Published: Sunday, February 17, 2013
Updated: Sunday, February 17, 2013 20:02
On Valentine’s Day, the Boston College Allies hosted an event in the Quad called “Don’t Skirt the Issue,” a campaign to end gender-based violence. Men wearing skirts, a nonconventional method to draw the attention of passersby, was an effective way to open up dialogue about what is generally considered a touchy subject. The Heights would like to recognize the efforts of all those involved in the campaign—the organizers, those who contributed their time to making promotional materials, and those who showed up in skirts on Thursday, prepared to educate their fellow students. The issue of gender-based violence is an important one, and we commend Allies for opening the topic to discussion.
The Heights concurs with Allies’ assessment that the problem of violence against women and girls should not be considered simply a “women’s issue”—assault affects all members of a community, and recognizing that it affects everyone is a significant step toward ending such violence. Attacks against women cannot be halted without the active support of both men and women—neither party can afford to take a passive role, and we appreciate that Allies took time to make just that point. They succeeded in bringing a large-scale issue, one that goes far beyond the BC bubble, to campus. BC students are sometimes criticized for being apathetic about or ignorant of events outside their own immediate surroundings. “Don’t Skirt the Issue” is evidence that the spirit of activism and engagement in the student body is very much alive and well. We hope that Allies, and other groups on campus, take note of this event’s success and continue to push for the recognition and discussion of real-world problems.

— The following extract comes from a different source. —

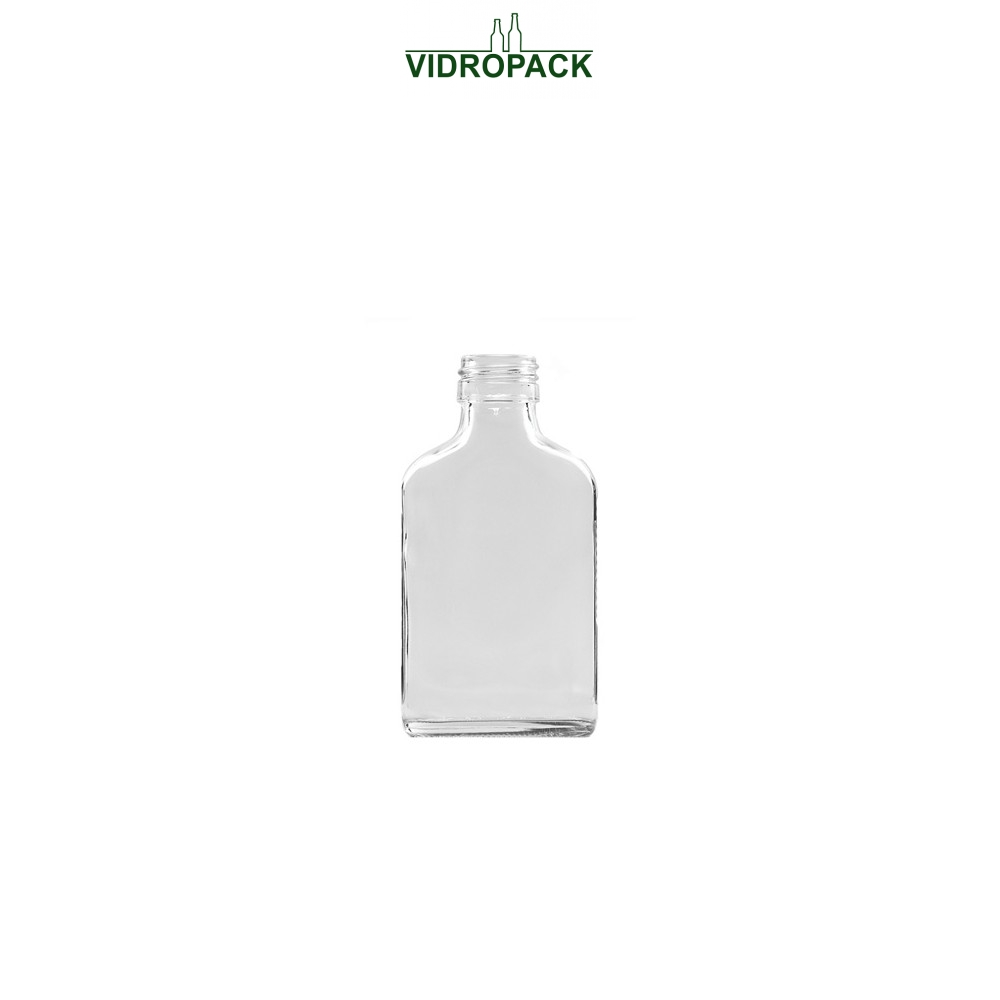 100 ml weiße Taschenflasche mit Schraubverschluss PP28 Mündung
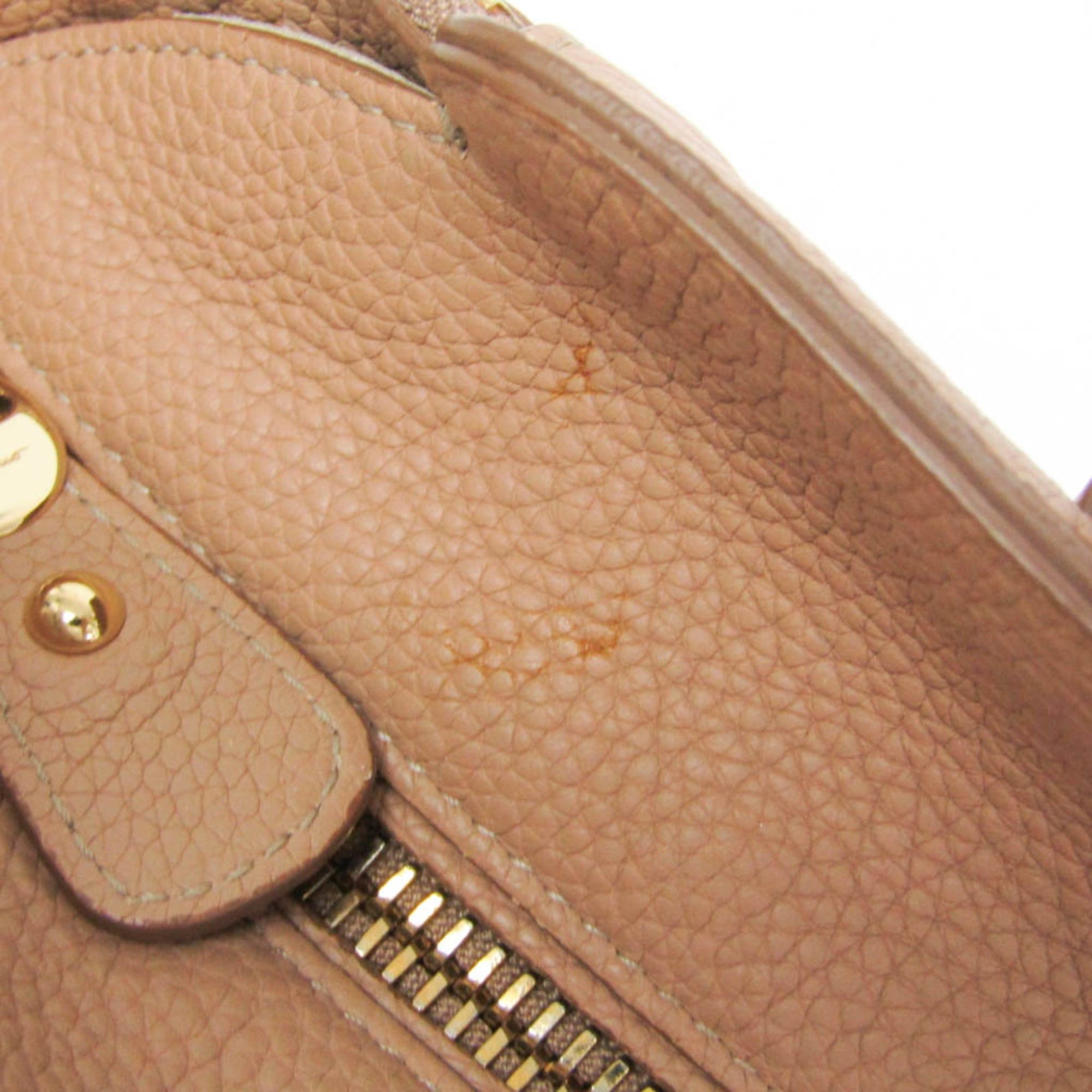 Salvatore Ferragamo Salvatore Ferragamo Gancini EZ-21 E424 Women's Leather Handbag,Shoulder Bag Pink Beige Size ONE SIZE - 11 Thumbnail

The Heights is pleased to note that this campaign was largely met with support and open minds. We would like to point out, however, that simply listening and agreeing will not be enough to halt gender-based violence. Continuing the dialogue is crucial—we encourage students to take advantage of relevant resources on BC’s campus. BCPD offers Rape Aggression Defense (R.A.D.) courses for free—the next sessions begin in March, and women are encouraged to attend and learn how to defend themselves from attackers. The Women’s Resource Center (WRC) offers Bystander Awareness Education courses, aimed at creating communities that feel responsible to prevent sexual assault. RAs can request that these presentations be hosted in their living communities, and student groups on campus can also request presentations, so that all members are informed. Students can also volunteer to be student trainers for the WRC’s presentations. The Heights suggests that all students take the time to become familiar with and use these resources—BC offers effective means for members of the community to educate themselves and take proactive steps to fight against rape and assault—it’s the students’ responsibility to take advantage of them.